China age por trégua EUA-Irã antes de encontro Trump-Xi

Imagem ilustrativa de Donald Trump e Xi Jinping, representantes dos Estados Unidos e da China, preparando-se para uma reunião de cúpula em Pequim, com a diplomacia em foco.
Foto: Donald Trump e Xi Jinping se preparam para encontro em Pequim.

Ações diplomáticas buscam cessar-fogo duradouro e garantem passagem no Estreito de Ormuz. Crise e comércio moldam agenda em Pequim.

A diplomacia global se movimenta intensamente em busca de estabilidade no Oriente Médio.
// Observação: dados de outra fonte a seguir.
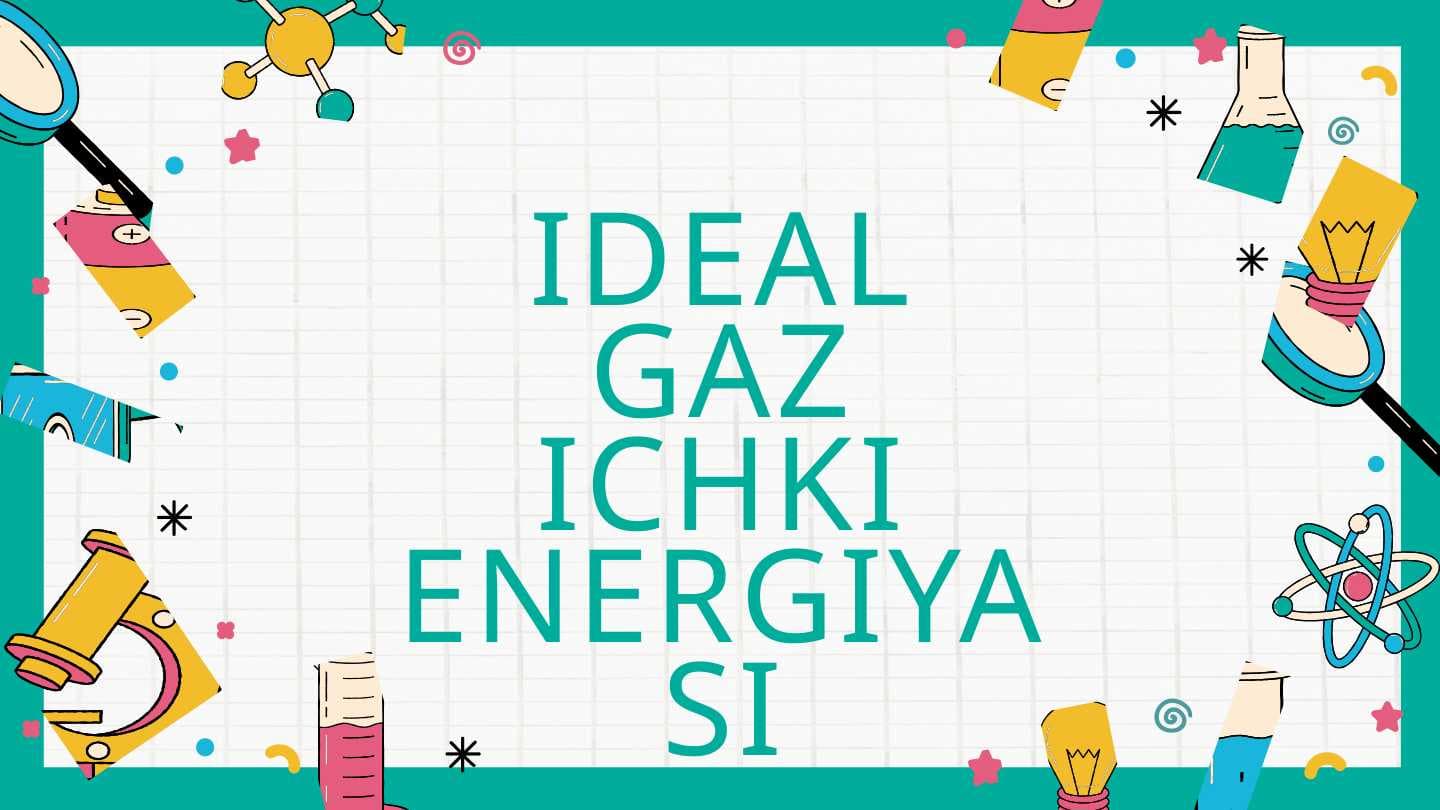 IDEAL GAZ ICHKI ENERGIYASI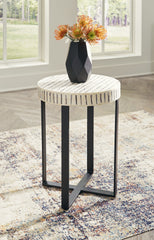Best Furniture Outlet - Ashley Furniture - Crewridge Accent Table - Accent Table / Black/Cream - A4000530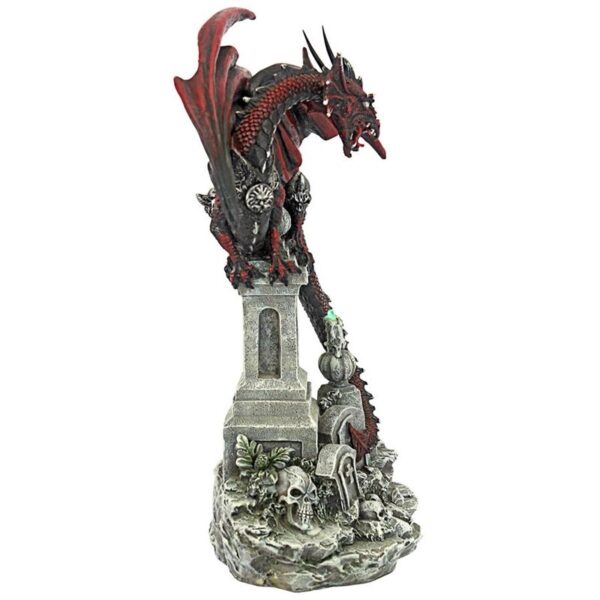 Design Toscano QS93454 7 Inch Warrior Dragon of The Necropolis Statue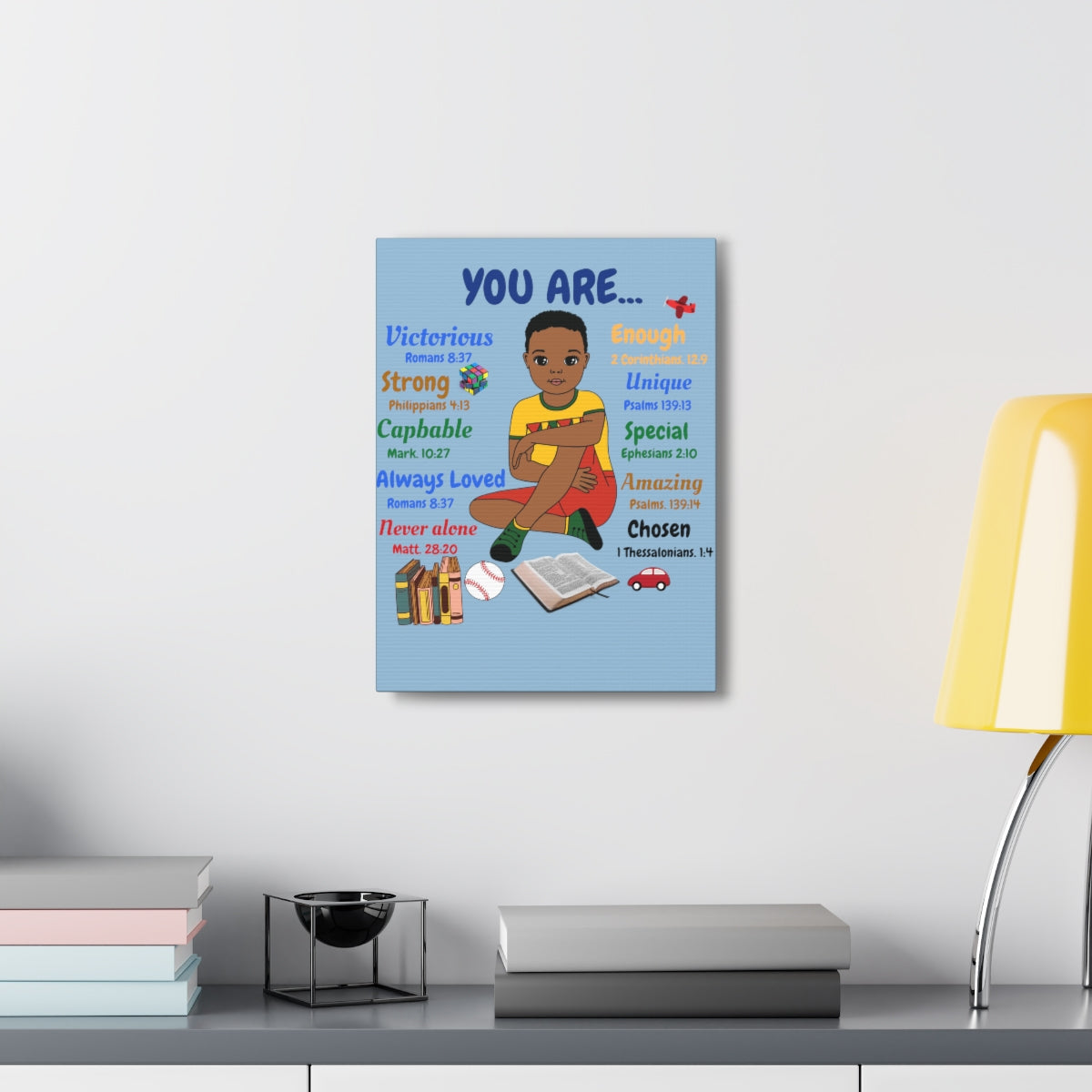 God Says "You are....." canvas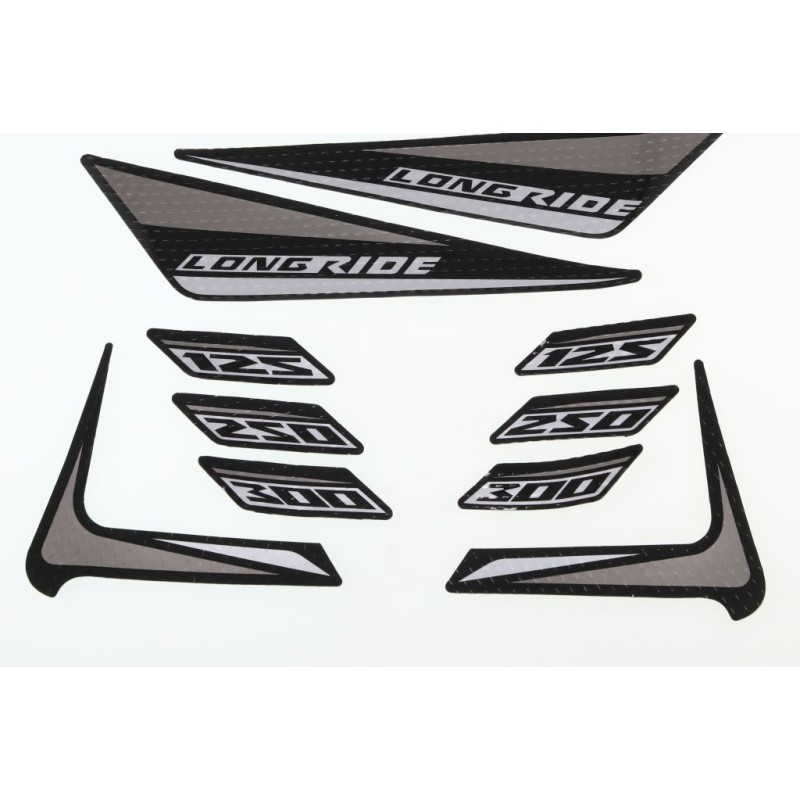 Kit autocollant selle randonnée reservoir longride SHERCO/SCORPA 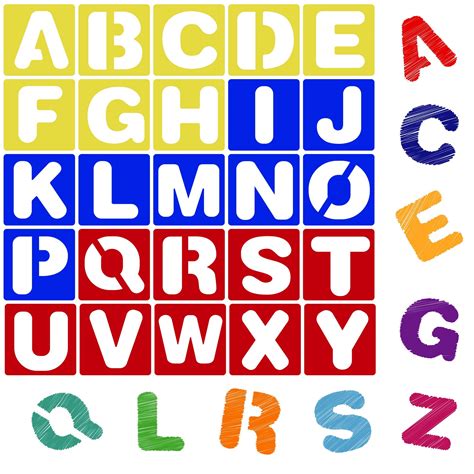 Buy Karty Alphabet Letter Stencil Set for Kids and Adults - Painting ...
Nesta terça-feira, 12 de maio de 2026, Paquistão e China articularam a urgência de uma trégua entre Estados Unidos e Irã. A iniciativa surge em um momento crucial, antecedendo a visita do presidente norte-americano, Donald Trump, a Pequim, onde a crise na região será um tema central, visando evitar uma escalada de tensões que impactaria diretamente a segurança e o comércio mundial.

O chanceler paquistanês, Ishaq Dar, e o ministro chinês das Relações Exteriores, Wang Yi, discutiram os desdobramentos da crise no Oriente Médio e os esforços diplomáticos para tentar destravar as negociações entre Washington e Teerã. Um comunicado do governo paquistanês revelou a profundidade do engajamento bilateral, sublinhando a necessidade de uma pausa nos conflitos.

O Paquistão tem desempenhado um papel vital como mediador nas conversas, atualmente em impasse. Durante a ligação entre os chanceleres, Wang Yi elogiou o papel de Islamabad nas tentativas de mediação. “Ambos os lados sublinharam a importância de manter um cessar-fogo duradouro e garantir a passagem normal pelo Estreito de Ormuz”, afirmou o Ministério das Relações Exteriores do Paquistão, destacando a preocupação com a livre circulação em uma das rotas marítimas mais estratégicas do planeta para o transporte de petróleo.

A China no xadrez global

O conflito com o Irã deve dominar parte importante da agenda bilateral entre EUA e China. A China é uma aliada histórica de Teerã e uma das maiores compradoras de petróleo iraniano. Nos bastidores, Pequim é vista como uma possível mediadora para reduzir as tensões entre os dois países, dado seu poder e influência na região.

As negociações entre Washington e Teerã permanecem travadas após Donald Trump classificar, no último fim de semana, a mais recente contraproposta iraniana para encerrar a guerra como “um lixo”. Apesar disso, o presidente afirmou acreditar que o Irã acabará interrompendo o enriquecimento de urânio e abandonando qualquer tentativa de desenvolver armas nucleares. A retórica de Trump, no entanto, é de alto risco: “Ou faremos um acordo ou eles serão dizimados”, declarou ele, elevando o tom das ameaças.

O republicano afirmou ainda que mantém contatos diretos com autoridades iranianas durante as negociações e disse considerar que a situação está “muito bem controlada”. Contudo, um assessor do líder supremo do Irã alertou Trump para que não interprete a ausência momentânea de confrontos como uma vitória norte-americana, ressaltando a volátil natureza da crise.

O Estreito de Ormuz continua como tópico sensível diante do agravamento da crise envolvendo Teerã e Washington. A instabilidade nessa via marítima pode gerar impactos econômicos globais significativos, elevando o preço do petróleo e desestabilizando mercados. Além do Irã, o encontro entre Donald Trump e Xi Jinping deve abordar temas como Taiwan, comércio bilateral, exportação de semicondutores, terras raras e segurança no Indo-Pacífico, evidenciando a amplitude das pautas.

Nesta mesma terça-feira, o Departamento de Estado dos EUA informou que chineses e americanos concordam que nenhum país deve cobrar pedágios para a travessia da rota marítima, uma postura conjunta que busca garantir a liberdade de navegação e a estabilidade econômica global.